**** PROVIDED DATA
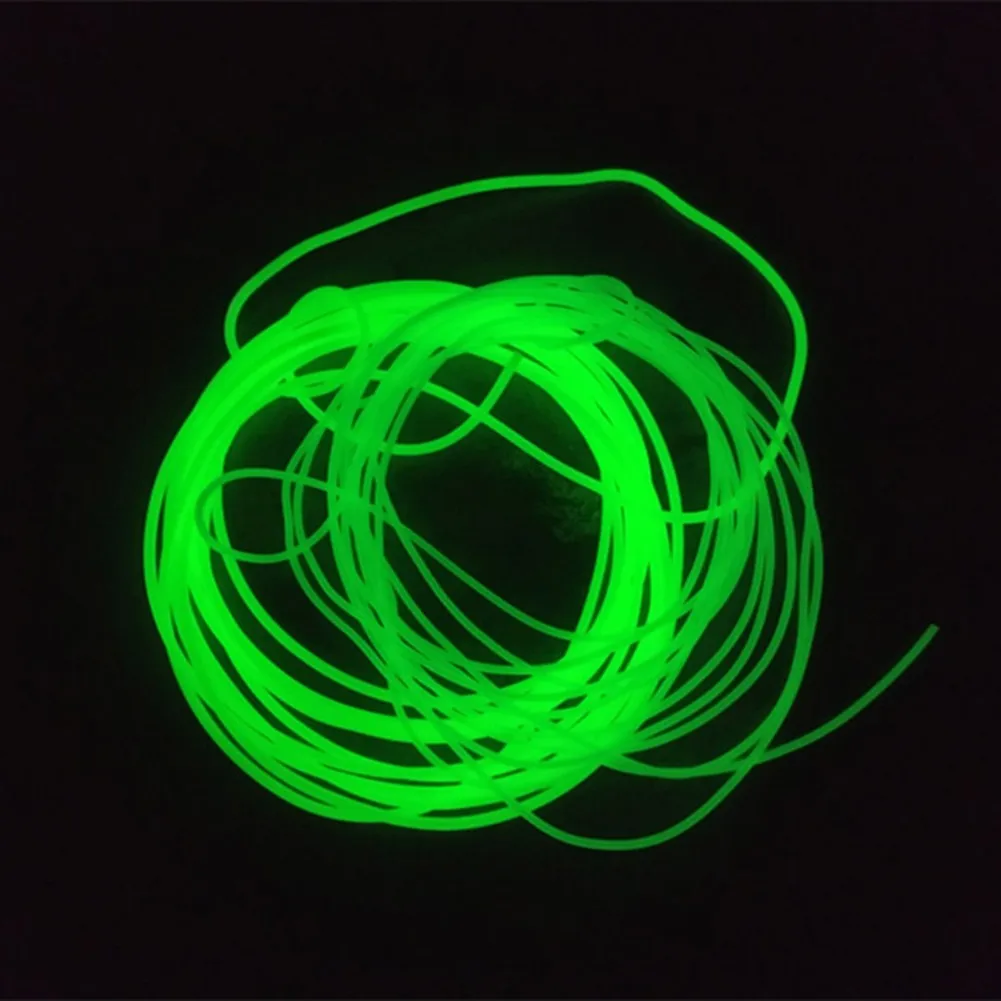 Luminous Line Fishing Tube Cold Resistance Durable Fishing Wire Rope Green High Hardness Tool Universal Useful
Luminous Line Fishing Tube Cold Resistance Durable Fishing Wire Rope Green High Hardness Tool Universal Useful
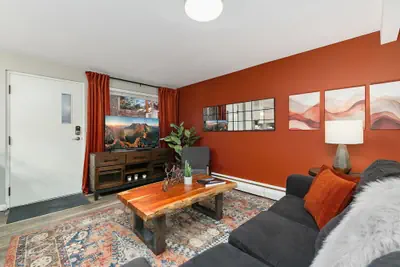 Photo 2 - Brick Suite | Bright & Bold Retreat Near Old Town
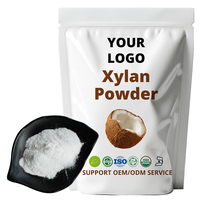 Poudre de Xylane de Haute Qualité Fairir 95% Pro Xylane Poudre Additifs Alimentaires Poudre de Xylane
********
:: INSTRUCTIONS TO FOLLOW ::
Exactly the lines from the one containing "Photo 2 - Brick" through the end of the data above: repeat those, both ends included, and nothing else. Skip the pictures.

:: WRITTEN ANSWER ::
 Photo 2 - Brick Suite | Bright & Bold Retreat Near Old Town
 Poudre de Xylane de Haute Qualité Fairir 95% Pro Xylane Poudre Additifs Alimentaires Poudre de Xylane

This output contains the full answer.